A, Following a self-paced button press, a checkerboard stimulus was presented whose contrast changed linearly. The participant could at any time select the contrast displayed on screen by pressing a button with the right index finger. The trial continued until a button was pressed or until stimulus duration exceeded 30 s. Following the participant’s choice, the selected contrast remained on screen for 2 s, after which time the monetary reward associated with the chosen contrast was displayed for 2.5 s. In the event that no button was pressed within 30 s, feedback was a message reminding the participant of the task instructions. B, Two demonstrative examples of stimulus contrast as a function of elapsed time. Example trial 1 (blue) has an initial contrast of 63%, is initially increasing, and has a half-cycle period of 9 s. Example trial 2 (red) has an initial contrast of 39%, is initially decreasing, and has a half-cycle period of 6 s. The checkerboard stimulus phase reversed at a rate of 12 Hz. C, Functional mapping between the contrast difference from target and monetary reward. The mapping was a symmetrical triangular function with a center of 0% contrast difference, a half-width of 15% contrast difference, and a height of 25 cents. As such, the received reward was maximal when the participant responded at the target contrast and decreased linearly with increasing difference of chosen contrast from the target. The reward was 0 for responses at >15% distance. Feedback received was rounded to the nearest whole-cent value.
Figure 2.
Figure 2.
Mean accuracy as a function of within-block trial number across participants. Accuracy is presented as the absolute difference of chosen and target contrasts, where lower differences indicate better task performance. Error bars represent the SEM. Note that the number of trials per block varied across blocks and participants, and as a result some participants did not complete >19 trials in any block. This confound limited the interpretability of accuracy data for trial numbers >20, and the final data point of the series therefore represents mean accuracy across trials 19–25 for each participant.
Figure 3.
Figure 3.
Computational belief variables as a function of trial number. A, Belief entropy. B, Feedback surprise. C, Belief update size measured as mutual information (see Eq. 14). D, Belief update size measured as Bayesian surprise (see Eq. 15). Note that the number of trials per block varied across blocks and participants, and, as a result, some participants did not complete >19 trials in any block. This confound limited the interpretability of computational belief variables for trial numbers >20, and the final data point of the each series therefore represents a mean across trials 19–25 for each participant.
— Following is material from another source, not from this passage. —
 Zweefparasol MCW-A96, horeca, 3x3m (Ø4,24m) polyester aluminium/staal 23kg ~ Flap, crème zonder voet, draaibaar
Error bars represent the SEM.
Figure 4.
Figure 4.
P3 analysis. A, Median split waveforms for 200–1000 ms following visual presentation of feedback. The P3 regression analysis window is indicated by the gray bar. ERP waveforms were low-pass filtered at 30 Hz for display purposes only. B, Mean voltage topography during the P3 analysis window from 300 to 450 ms following visual presentation of feedback (time = 0). C, Topography of the mean voltage difference between large and small belief update trials across participants during P3 analysis window. A median split was used to divide trials into two bins for each participant, corresponding to large and small belief updates according to model-derived estimates. This median split was for display purposes only and was not used in the main regression analysis, which was based on single-trial amplitudes.
Figure 5.
Figure 5.
Stimulus-preceding negativity analysis. A, Median split waveforms for 0–1500 ms prior to the visual presentation of feedback. The SPN regression analysis window from 0 to 500 ms preceding feedback is indicated by the gray bar. ERP waveforms were low-pass filtered at 30 Hz for display purposes only. B, Mean voltage topography during SPN analysis window from 0 to 500 ms prior to visual presentation of feedback (time = 0). C, Topography of the mean voltage difference between high and low uncertainty trials across participants during the SPN analysis window. A median split was used to divide trials into two bins for each participant, corresponding to high and low belief uncertainty according to model-derived estimates. This median split was for display purposes only and was not used in the main regression analysis, which was based on single-trial amplitudes.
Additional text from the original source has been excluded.